WooCommerce shipped version 5.7.0 through a forced update for some users earlier this week. The minor release was not billed as a security update but the following day WooCommerce published a post explaining that the plugin was vulnerable to having analytics reports leaked on some hosting configurations:
On September 21, 2021, our team released a security patch to address a server configuration setup used by some hosts, which under the right conditions may make some analytics reports publicly available.
WordPress.org pushed an automatic update to affected stores beginning on September 21, for all sites that have not explicitly disabled automatic updates. The WooCommerce team created a patch for 18 versions back to 4.0.0, along with 17 patched versions of the WooCommerce Admin plugin. Those whose filesystem is set to read-only or who are running WooCommerce versions older than 4.0.0 will not have received the automatic update and should proceed to manually update their sites.
WooCommerce recommends users update to the latest version, which is now 5.7.1, or the highest number possible in your release branch. The security announcement post has detailed instructions for how store owners can check to see if their report files may have been downloaded.

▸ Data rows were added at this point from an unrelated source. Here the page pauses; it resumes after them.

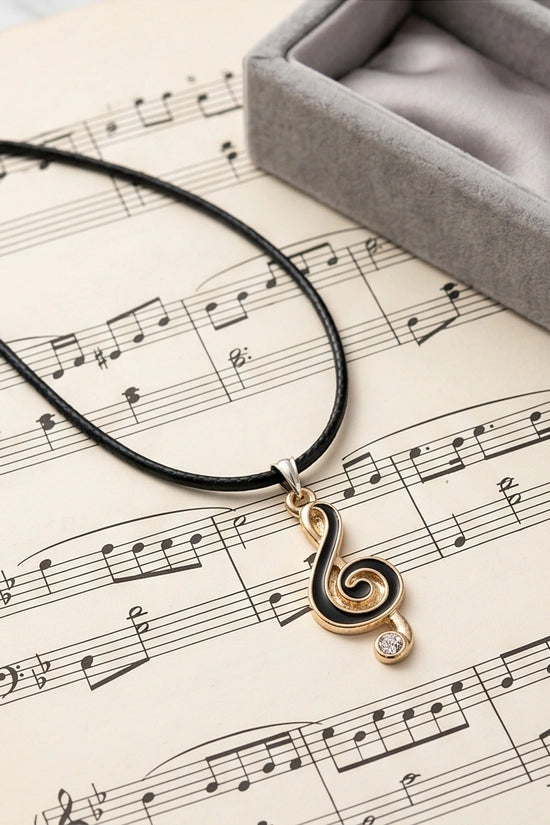 Rose Gold and Black Treble Clef Necklace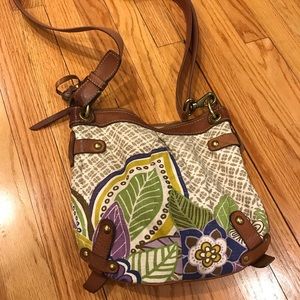 Fossil Crossbody bag with genuine leather strap.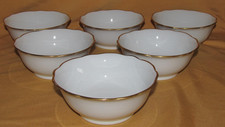 Série de 6 coupelles à crème fruits porcelaine blanche Limoges filet or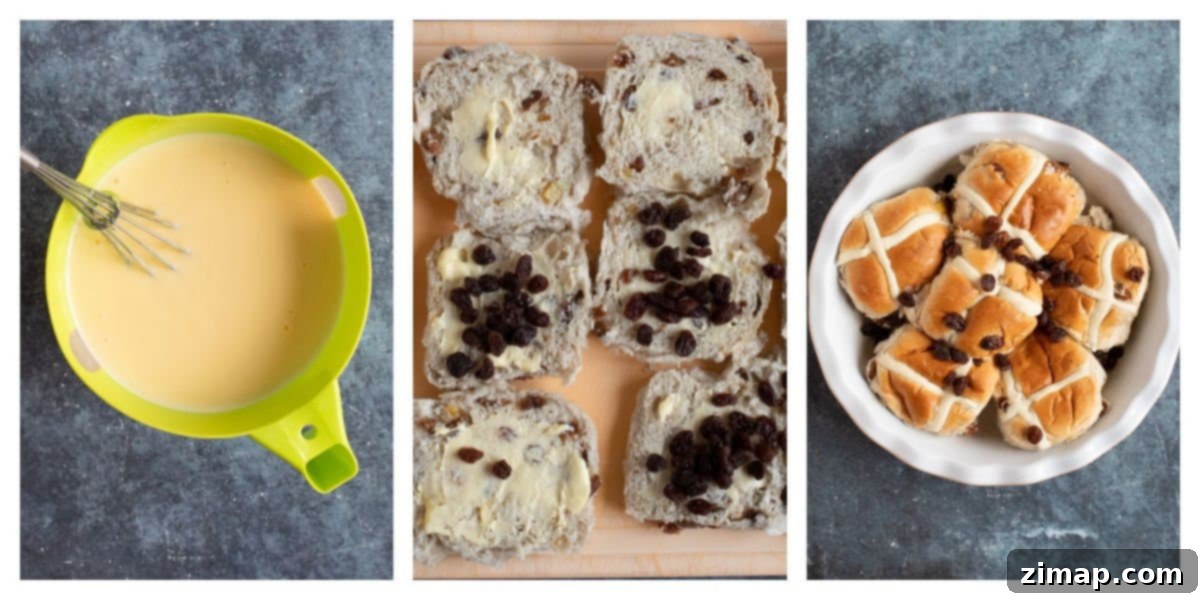 Εύκολη Πουτίγκα Hot Cross Bun 4 Φωτογραφίες της διαδικασίας συναρμολόγησης της πουτίγκας Hot Cross Bun και βουτύρου.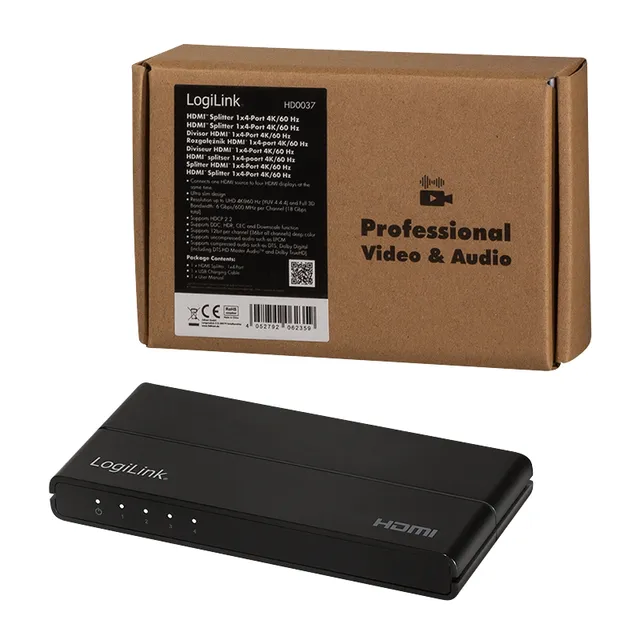 LogiLink HDMI-Splitter 1x4-Port, 4K/60Hz, Downscaler, schw.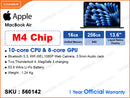 MacBook Air MW123ZP/A (M4 Chip with 10Core CPU, 8Core GPU, 16GB, 256GB, 13.6", Weight 1.24 Kg)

More than 5 million WordPress sites use WooCommerce. At the time of publishing, 59.8% are running on version 5.4 or older. Only 12.8% are using the lates 5.7.x release. It’s not possible to see how many sites are still vulnerable, because WordPress.org only displays a breakdown for the major branches users have installed. Some site owners running older versions may still be active in applying security patches but not prepared to update to the latest release.
WooCommerce 5.7.1 was released earlier today after the team received multiple reports of broken sites following the 5.7.0 update. This release includes fixes for regressions and new bugs identified in the previous update.